Добавить в цитаты Настройки чтения

Страница 103 из 159

На исходе XIX в. это однозначное преклонение перед силой светлого разума поколебалось. Ницше призвал к возрождению дионисийской стихии. Наступило неустойчивое равновесие. Иррациональное влекло и соблазняло, но отречься от многовекового стремления к светлой гармонии было невозможно. Русские символисты от Валерия Брюсова до Вячеслава Иванова прославляли в стихах и то и другое начало. Эта двойственность перешла и в первую книгу Лившица.

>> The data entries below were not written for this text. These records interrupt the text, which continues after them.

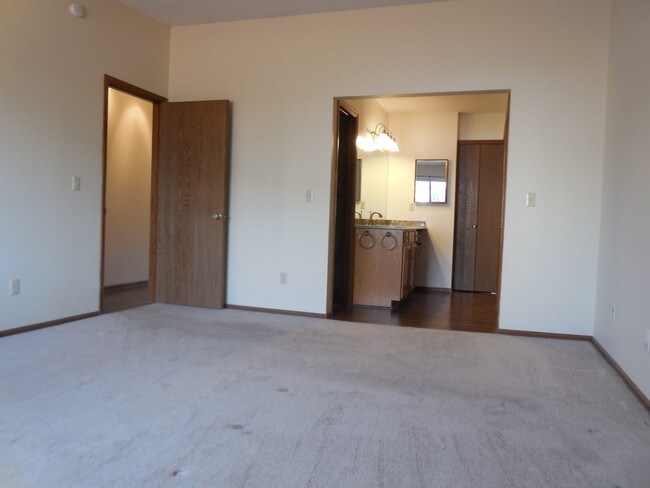 Master Bedroom - 1130 Fontmore Rd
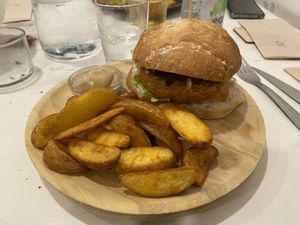 Hamburguesa Oveja Negra de soja  at La Oveja Negra in Madrid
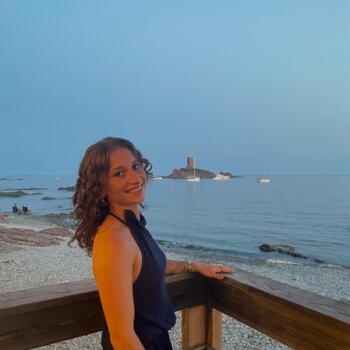 Baby-sitter Annecy: Julia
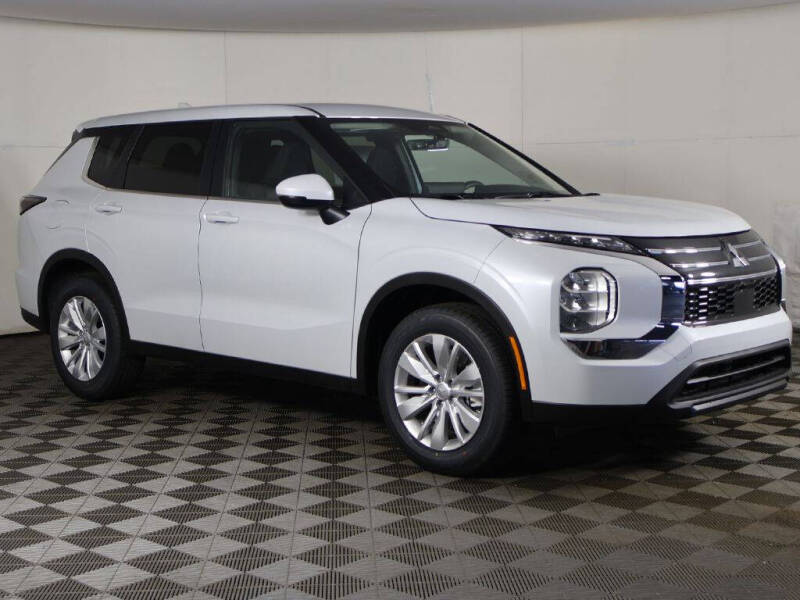 2026 Mitsubishi Outlander ES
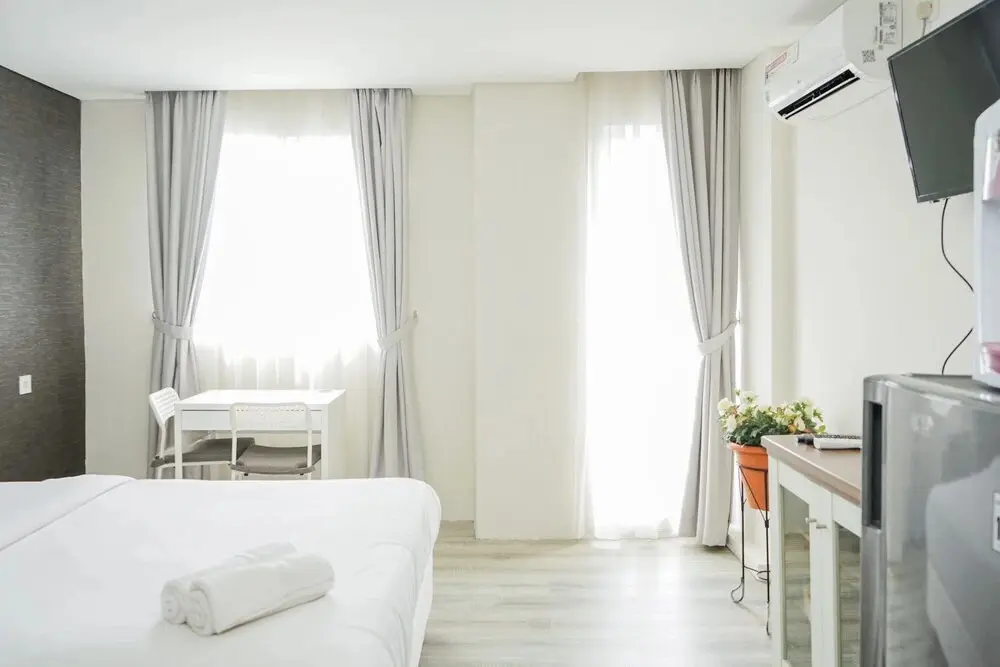 Южный Тангеранг: Compact and Monochrome Studio Room Bintaro Icon Apartment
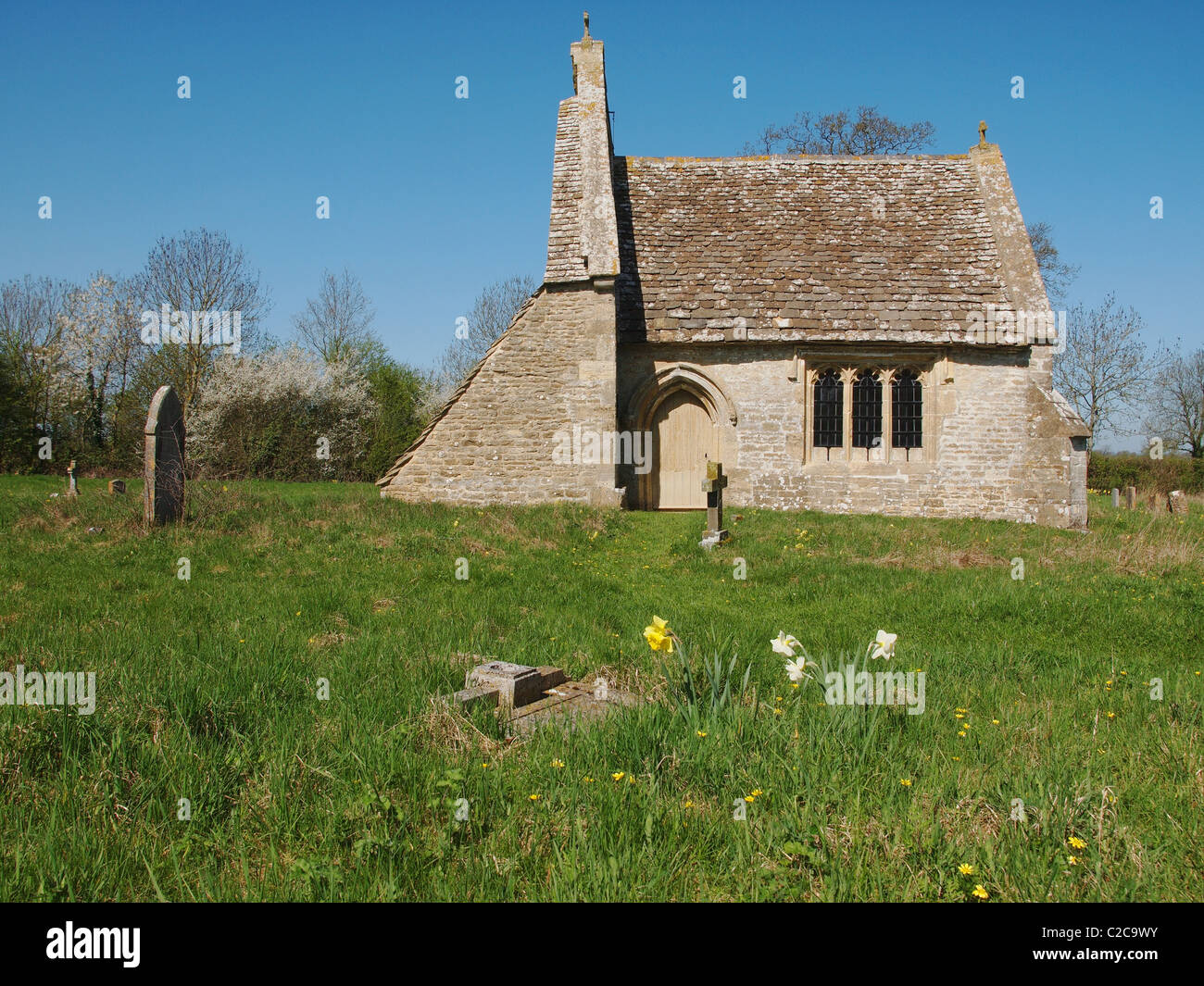 Coro de la Iglesia de todos los santos, Leigh, Wiltshire, cerca de Swindon y Cricklade Foto de stock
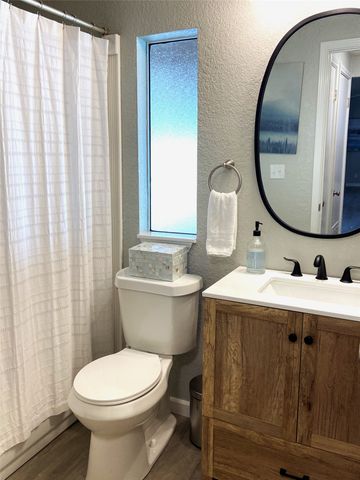 184 Beachwood Drive, Mabank, TX 75156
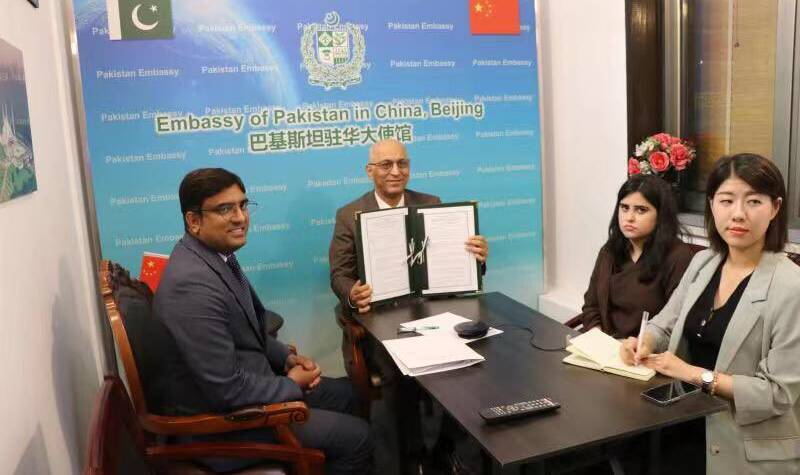  Pakistan, China join hands to boost agri-cooperation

Вступительный ее сонет — реванш стихии. Аполлон («кифаред») победил Марсия («фригийца»). Но приходит черед возмездия: на смену торжествующему разуму встает «неумерщвленный бред», на смену ясности — туман, на смену свету дня — «ночной закон» и ночные чудовища-ламии, на смену Аполлоновой лире — «отверженная Марсиева флейта». За вступительным сонетом следовали эротические рондо раздела «Тихие оргии»: в первом луна вздымает в женщине непонятное и мучительное сладострастие, во втором это делает мечта о брокенской дьявольщине, в третьем ночь и ад торжествуют над закатывающимся солнцем, в пятом девственность оборачивается нимфоманией. Это пятое рондо Лившиц даже не решился включить в «Флейту Марсия» и опубликовал лишь при переиздании; впрочем, все равно «Флейта» по выходе побывала под цензурным арестом. Эротикой в 1911 г. мало кого можно было удивить, но здесь она важна была автору не сама по себе, а как проявление Марсиева бунта с его «ночным законом».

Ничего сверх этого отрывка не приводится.